Edited at 2013-01-30 07:55 pm (UTC)
alexvdl 30th-Jan-2013 08:06 pm (UTC)
Second and third order of effects.

Sure. They could be sued. If it could be proven.
imnotasquirrel 30th-Jan-2013 08:39 pm (UTC)
IDK, I think it depends on the nature of the offense and the job in question? For example, I really can't blame people for being up in arms about Mike Tyson getting a role on L&O: SVU.

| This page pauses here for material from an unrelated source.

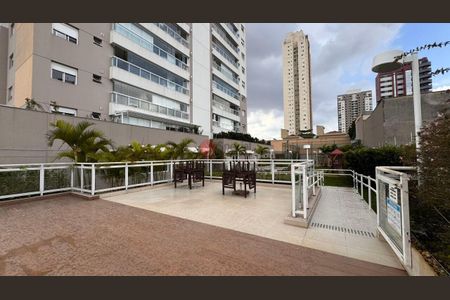 Apartamento à venda com 92m², 2 quartos e 3 vagas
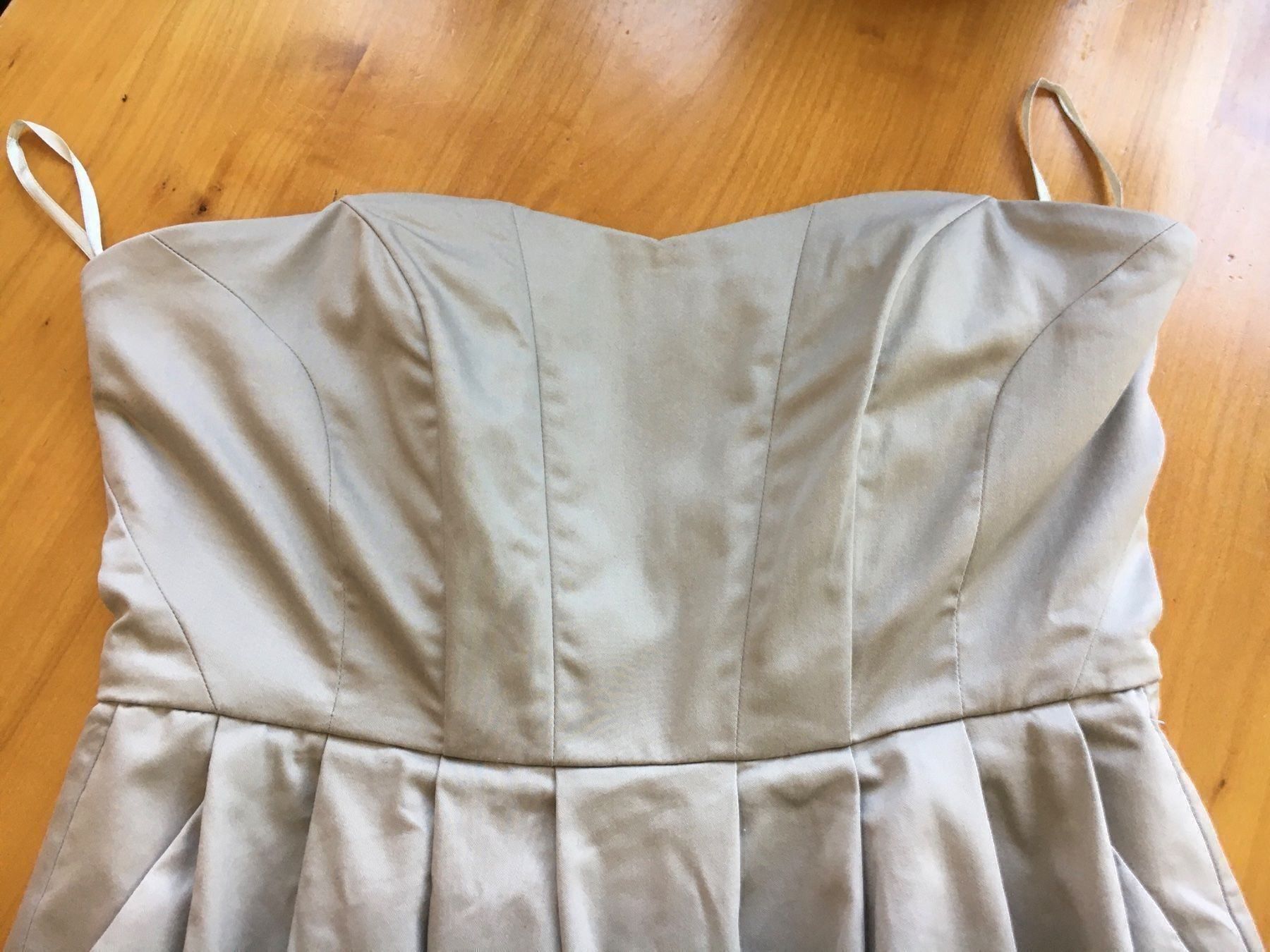 H&M Kleider: Cocktailkleid H&M Gr. 38 grau glänzend – Gebraucht aus Zürich von ehupp 6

(I don't really know how federal law would apply there, because it seems like Hollywood can get away with a lot more openly discriminatory practices.)
kitschaster 31st-Jan-2013 12:40 am (UTC)
You really cannot even begin to understand what it's like to come upon one conviction after a lifetime of being a good person, an amazing straight A student, and a hard worker. I was out of a job for two years up until today, even though I'd never had a criminal record before, and because I told the truth about pushing a guy off me who tried to wrestle me to the ground. Instead of convicting the obvious threat, they convicted the 5'3 girl who was trying to defend herself, because I admitted to pushing him away, while he told the police he was just trying to "restrain me". He even demonstrated how he flung me to the ground.

So no. You really have no clue what it's like to be in that situation, have a record, and be a good person who got a bad deal because she had the nerve to defend herself against a grown man in a southern state. You literally know nothing. I have been reliant on my fiance, and I went from making a very good amount of money to having to go back to school and start all over again in a completely new career, while that will STILL follow me around, but at least with this new career I can freelance.

Do you not take into consideration those who were convicted under bs terms in states that do not allow for you to clear your record or allow it to fall off after so long? Do you not take into consideration the rate of minorities convicted simply for existing in some cities, like New York, just so they can have their record fucked up and be unable to feed themselves, because for you the obvious decision is the non-convicted criminal? You sound quite privileged, but that's alright. Up until 2010, I thought it was okay to be honest with the police and tell them exactly what happened, because only bad people go to jail. Because there is no way they'd look at a short chubby girl, and a built martial artist, and decide I was the threat.


Edited at 2013-01-31 12:44 am (UTC)
alexvdl 31st-Jan-2013 12:50 am (UTC)
You're right. I don't know every story out there. I don't know every situation. I certainly didn't know your story. I do know the justice system screws over a lot of people and that I'm sorry that you've had to go through that experience.

I also know that you're making a lot of assumptions about my experiences with the legal system and how it affects employment.

I hope that your new job works out well for you, and health and prosperity in the future.
vulturoso 30th-Jan-2013 07:45 pm (UTC)
My little sister was molested as a child and raped as a teenager, and she didn't know how to deal with things so she acted out and got into legal trouble.

That bitch criminal should never have a chance to turn her life around, should she?

Go away.
alexvdl 30th-Jan-2013 07:46 pm (UTC)
I didn't say that at all. I'm very sorry for the things your sister has had to endure.

vulturoso 30th-Jan-2013 07:49 pm (UTC)
Punishing people for having a criminal record?! Oh noes.

Do you think people just wake up one day and think, "I think I'll do some crime today. The stability of my situation is too monotonous and needs more drama and societal backlash"?
nesmith 30th-Jan-2013 07:47 pm (UTC)
Criminal records do not automatically mean that a person is evil or unworthy of making a living. That's why this country has an FCRA and companies like mine educate clients on what can and can't be used to deny someone employment.

Just because I have no criminal records more severe than a traffic ticket doesn't mean I'm better than someone who screwed up and might just be trying to turn themselves around.
alexvdl 30th-Jan-2013 07:49 pm (UTC)
I made no judgement calls upon the moral character or worthiness of anyone. Doing so would be slightly hypocritical.
nesmith 30th-Jan-2013 07:51 pm (UTC)
Funny, considering how judgy you're being all over this post.